Searing sweet-fleshed pumpkins seemed like a good idea, after the fennel. I told Kathy about my plan, and she agreed they’d be delicious, and recommended a splash of balsamic vinegar at the end.
I found a baby sugar pumpkin that weighed a pound and a quarter:
I cut it in half, scooped out the seeds, and sliced it into thin wedges, only about 1″ thick at the fattest part. I tossed them with olive oil, salt and pepper, and seared them in a hot skillet (arranged all pretty):
for four or five minutes on each side, until they got nice and brown. I added a quarter cup of balsamic vinegar,
and watched it bubble and hiss as it reduced and eventually coated the pumpkin slices with a deep mahogany crust of flavor.

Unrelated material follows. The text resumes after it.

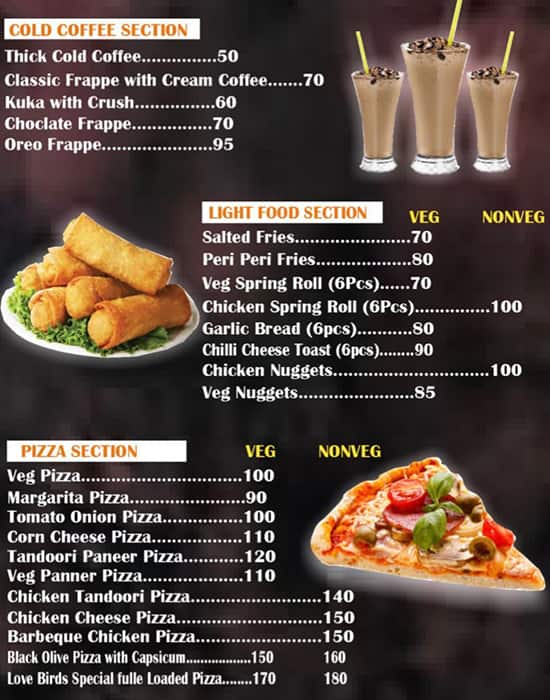 Menu of Spot Of Love Birds Cafe, Bhosari, Pune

I tried one, I really did. I liked it at the time.
But by the time our friends came over for dinner, and I’d reheated the pumpkin in a 400 degree oven for a few minutes, the pumpkin had lost whatever pizazz I thought I’d recognized earlier, and we all played with them, pushing them around our plates, focusing things we liked better, coating it in the sauce from the pork, for more flavor.
Maybe they weren’t meant to be reheated. Maybe they were meant to be deep-fried, like the gorgeous kabocha tempura I had with Sarah and Hilary in Japan. Or maybe they just weren’t meant to be.
Finally, someone said it out loud. This pumpkin isn’t my favorite.